WHAT YOU HAVE TO DO: Give back the full data, unchanged and complete.

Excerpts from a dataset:
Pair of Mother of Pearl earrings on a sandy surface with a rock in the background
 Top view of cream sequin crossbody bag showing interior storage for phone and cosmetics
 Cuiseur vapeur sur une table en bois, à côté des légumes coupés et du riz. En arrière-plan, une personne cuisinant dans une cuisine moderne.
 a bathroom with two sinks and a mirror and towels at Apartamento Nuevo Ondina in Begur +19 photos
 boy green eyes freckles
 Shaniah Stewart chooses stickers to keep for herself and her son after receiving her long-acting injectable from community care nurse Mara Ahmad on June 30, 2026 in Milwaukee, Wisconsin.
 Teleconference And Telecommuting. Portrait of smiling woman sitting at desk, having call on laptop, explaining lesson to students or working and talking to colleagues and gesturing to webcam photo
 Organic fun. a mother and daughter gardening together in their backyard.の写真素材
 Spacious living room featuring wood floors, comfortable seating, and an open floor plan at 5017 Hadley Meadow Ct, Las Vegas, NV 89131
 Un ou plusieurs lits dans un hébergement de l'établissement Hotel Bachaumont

OUTPUT OF THE TASK:
Pair of Mother of Pearl earrings on a sandy surface with a rock in the background
 Top view of cream sequin crossbody bag showing interior storage for phone and cosmetics
 Cuiseur vapeur sur une table en bois, à côté des légumes coupés et du riz. En arrière-plan, une personne cuisinant dans une cuisine moderne.
 a bathroom with two sinks and a mirror and towels at Apartamento Nuevo Ondina in Begur +19 photos
 boy green eyes freckles
 Shaniah Stewart chooses stickers to keep for herself and her son after receiving her long-acting injectable from community care nurse Mara Ahmad on June 30, 2026 in Milwaukee, Wisconsin.
 Teleconference And Telecommuting. Portrait of smiling woman sitting at desk, having call on laptop, explaining lesson to students or working and talking to colleagues and gesturing to webcam photo
 Organic fun. a mother and daughter gardening together in their backyard.の写真素材
 Spacious living room featuring wood floors, comfortable seating, and an open floor plan at 5017 Hadley Meadow Ct, Las Vegas, NV 89131
 Un ou plusieurs lits dans un hébergement de l'établissement Hotel Bachaumont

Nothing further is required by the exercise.